Mais faut-il se laisser faire, toujours « tendre l’autre joue » ? N’a-t-on pas le droit de se défendre ?

Si, on a le droit de se défendre ; on en a même parfois le devoir strict. Ici, il faut faire quelques distinctions. D’abord, il ne faut pas confondre le fait d’être victime et le fait d’être martyr. Le martyre est un acte volontaire, l’acte suprême de la vertu de courage, par laquelle un croyant accepte de souffrir le pire des maux physiques – la mort – plutôt que d’abjurer sa foi, ou de commettre un péché. Être assassiné lâchement par un anti-chrétien fanatique, c’est autre chose. C’est un malheur, ce n’est pas forcément un martyre.

Ensuite, il ne convient pas de rechercher le martyre, mais seulement de l’accepter quand il n’y a pas d’autre issue. « Il n’est pas louable, écrit saint Thomas d’Aquin, de rechercher le martyre, car cela paraît plutôt présomptueux et périlleux. On ne doit pas offrir à autrui l’occasion d’agir injustement ; mais si l’autre agit ainsi, on doit le supporter dans la mesure raisonnable » (Somme théologique II-II, 124, 1, ad 3m).

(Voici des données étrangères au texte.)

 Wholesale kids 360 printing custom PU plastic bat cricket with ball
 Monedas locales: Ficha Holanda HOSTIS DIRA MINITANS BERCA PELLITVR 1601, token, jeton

Mais doit-on se résoudre au martyre ?

Grosso modo, il y a deux cas : soit vous êtes en mesure de vous défendre – et surtout de protéger, y compris par la force, les petites communautés dont vous avez la charge –, alors la loi naturelle n’est pas abolie par la loi évangélique ; vous avez non seulement le droit de faire usage de la légitime défense, mais vous en avez le devoir. Pensons, parmi tant d’exemples, à la résistance des Vendéens en 1793, ou des Cristeros mexicains dans les années 1920… Soit vous êtes isolé, acculé, prisonnier, sans espoir d’action pour les vôtres et sommé de renier votre foi ou d’agir contre votre conscience ; alors, la virilité suprême, si la grâce nous en est donnée, c’est d’imiter celle de Jésus-Christ face au Sanhédrin, face à Pilate, face aux soldats.

Ne pas lâcher la vérité, quitte à le payer de sa vie, c’est l’acte de résistance ultime, qui rend fou le Père du Mensonge. C’est en imitant Jésus de cette façon-là que les victimes de l’injustice agissent, par le martyre, dans l’invisible, pour le salut du monde : « Ainsi donc, puisque les enfants participent au sang et à la chair, il y a également participé lui-même, afin que, par la mort, il anéantît celui qui a la puissance de la mort, c’est-à-dire le diable, et qu’il délivrât tous ceux qui, par crainte de la mort, étaient toute leur vie retenus dans la servitude » (He 2, 14-18).